Scott Davenport was shopping for team snacks at Kroger when he called to ask if I wanted to ride on the bus with his Bellarmine University basketball team to its exhibition game at Notre Dame. I told him what you’d expect me to tell him, “You had me at snacks from Kroger.” The trip was supposed to be a chance to observe the team in an all-access setting. But as it went on, I found myself watching the coach as much as the team. The following is the result of the ride.
Davenport has carved a spot for himself in this city’s basketball history. He was born here, played high school ball here, graduated from the University of Louisville, was a high school assistant, then a college assistant before taking over as head coach at Ballard, where he spent the next decade coaching and teaching special education. He coached two of the city’s best basketball products, Allan Houston and DeJuan Wheat, and won a state championship in 1988. He realized a dream when he became an assistant for Denny Crum at Louisville, then stayed on for Rick Pitino, bridging two Hall of Fame careers. In 2005 he took over at Bellarmine, won an NCAA Division II championship six years later, and was inducted into the Kentucky Athletic Hall of Fame four years after that.
Now, he’s working on another bridge, ushering Bellarmine from the Division II level to Division I, a move which likely wouldn’t have happened without his success at the school.
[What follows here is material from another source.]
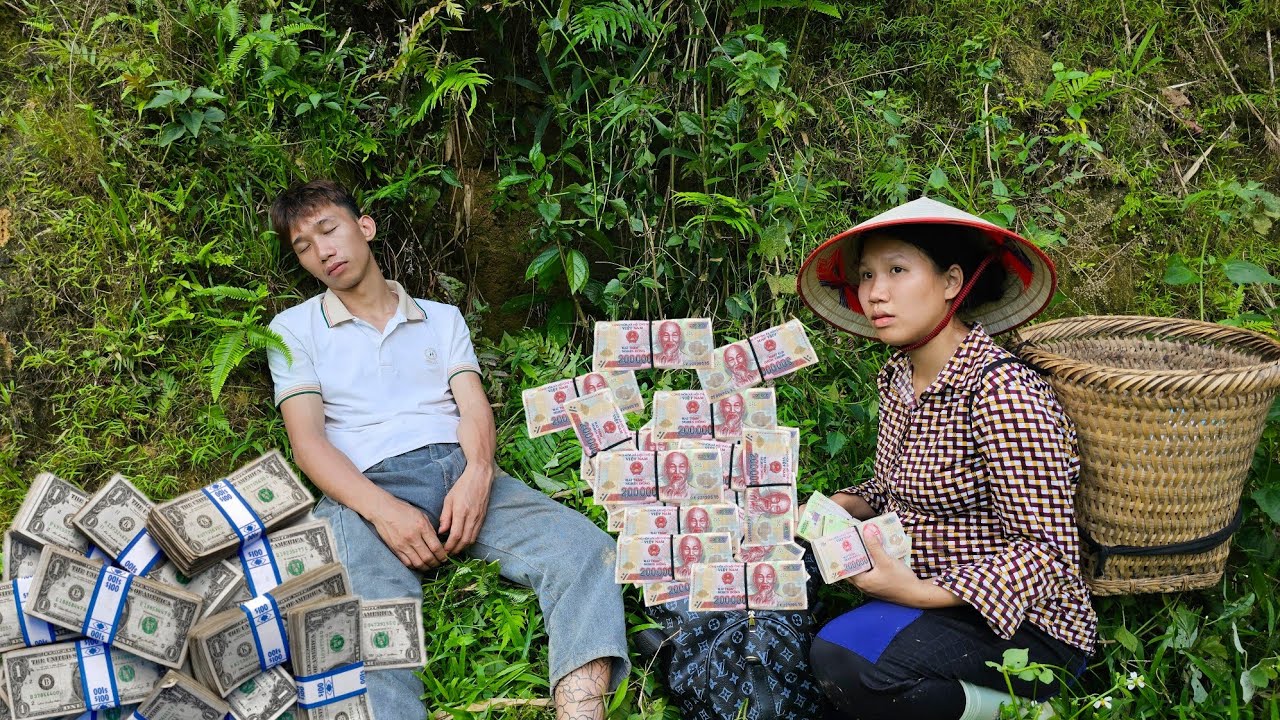 Poor girl accidentally picked up a large amount of money and the horrifying truth behind it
That move is fraught with challenges, not the least of which is finding opponents after you led Louisville, ranked No. 5 in Division I, by two at the half, and trailed by only two with just under three minutes to play. Good luck getting anyone to play you in your first Division I season after that, even the school you just pushed to the limit, even if that school is your alma mater and an institution you’ve spent your entire adult life promoting.
Still, before all those challenges comes another – finishing strong in Division II. Bellarmine’s final dress rehearsal was last Friday at Notre Dame. So hop on the bus, find a seat, and let’s go.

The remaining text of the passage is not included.